Attorno agli sviluppi della medesima, per l’ambiguo ruolo giocato dai vertici dello Stato turco, per le scelte fatte da Erdoğan e dal fidatissimo ministro degli esteri Davutoğlu (dall’estate scorsa suo sostituto alla guida del governo) il Mıt era anche finito in un’inchiesta di un procuratore che indagava sui trasporti oltre il confine compiuti da alcuni Tir che risultavano inviati dall’Intelligence. In un reciproco scambio d’accuse l’area che fa capo a Fetullah Gülen, con un buon seguito fra i magistrati, ha, fra l’altro, additato il governo di scambi col jihadismo, mentre Erdoğan l’accusava di tramare contro la nazione creando fra giudici, giornalisti e poliziotti l’ennesima “struttura parallela”. Il sospetto d’un nuovo caso Ergenekon, dopo quello già disarticolato.

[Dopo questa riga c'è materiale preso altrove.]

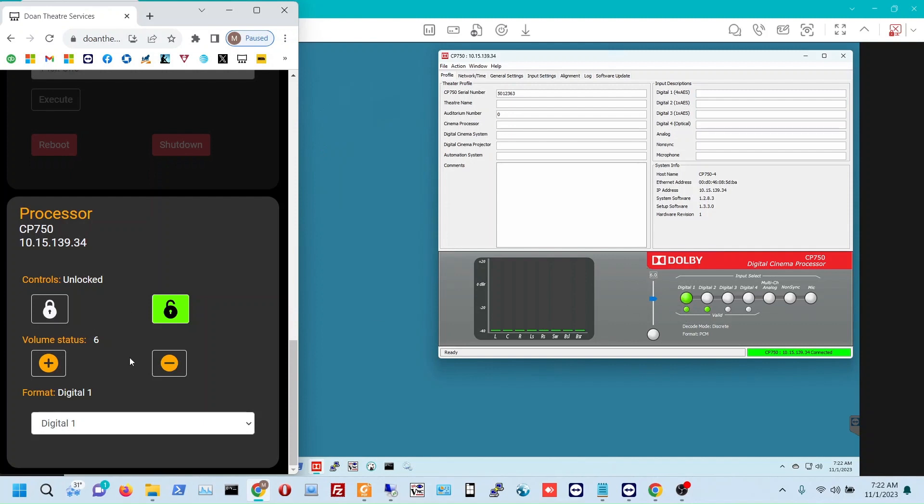So if I want to raise or lower the volume, I can hit the plus or minus button which will raise or lower the volume by one-tenth. So 5.9, 5.8, 5.7, and then the same thing with raise.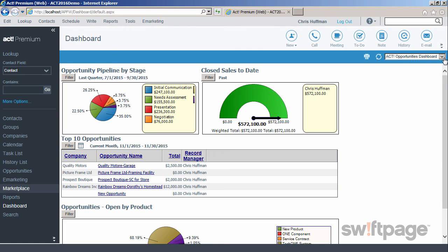This concludes the first portion of the ACT Premium Cloud video series. In the next video, we'll cover contacts and how to properly store information in a contact record.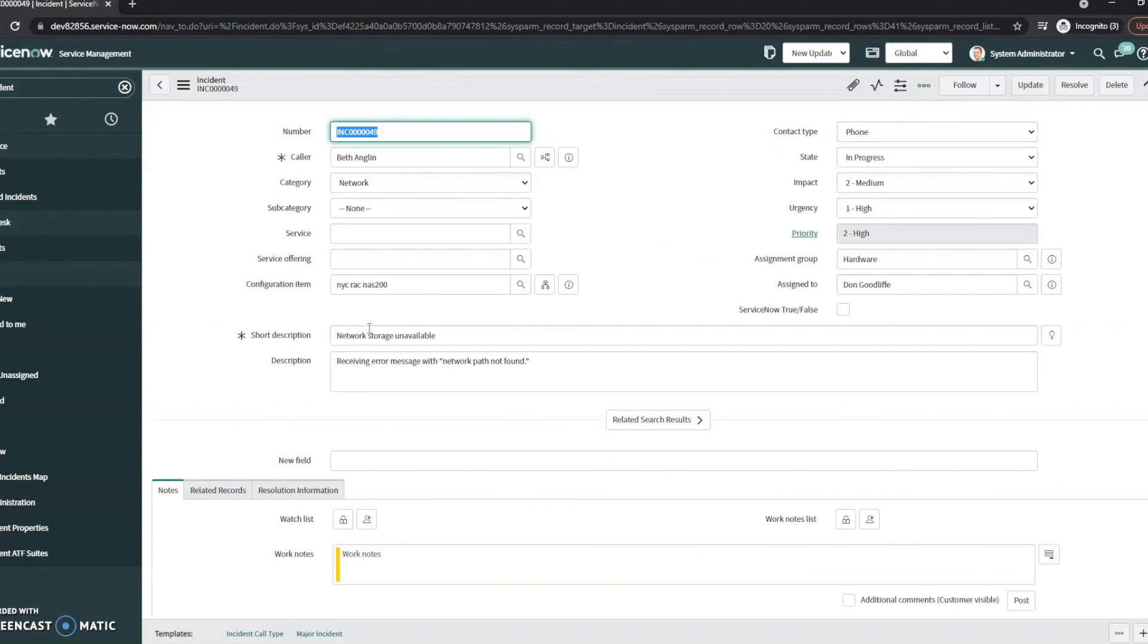But that's all I've got for SLAs for today. And that's just a general overview of ServiceNow's SLAs. Thanks and have a great day.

Altre frizioni s’erano avute nel 2012 quando vennero alla luce, sempre per iniziative della stampa dell’area del movimento gülenista Hizmet, informazioni sulle infiltrazione del Mıt di strutture politiche kurde (Kurdistan Communities Union) che si relazionano al Pkk. Nonostante tali inciampi la duttilità di Fidan aveva permesso il mantenimento del tavolo di trattative, seppure i kurdi rimbracciassero le armi nella vasta area oltre il confine siriano dove agisce l’Isis.
Qualche decano del Parlamento turco commenta stupito la notizia del disimpegno di Fidan, facendo comunque notare che, essendo lui un Superman, avrebbe potuto offrire un migliore servizio alla nazione nella veste precedentemente ricoperta invece di diventare un semplice deputato. Eppure lo scaltro e diplomaticissimo capo del Mıt non sarebbe rimasto affatto un semplice politico. Per lui si ventilava l’incarico di ministro degli Esteri, una funzione che di fronte al personalismo erdoğaniano, al suo gioco su più tavoli proprio nell’infuocata situazione mediorientale, agli imbarazzanti giri di valzer che inanella da anni, forse neppure questo collaboratore di primo piano s’è sentito di ricoprire. Che la macchina politica del sultano perda amicizie di peso (Gülen) o pezzi pregiati (l’ex presidente Gül) è cosa consolidata e non è detto che non incrini le certezze dei suoi programmi. Oppure lo stop all’uomo dei segreti parte proprio dal ‘sultano kemalista’ che, fra amici, ex amici, neo nemici sviluppa un turbinio di situazioni volendo conservare una centralità che appare sempre più spericolata e ingombrante.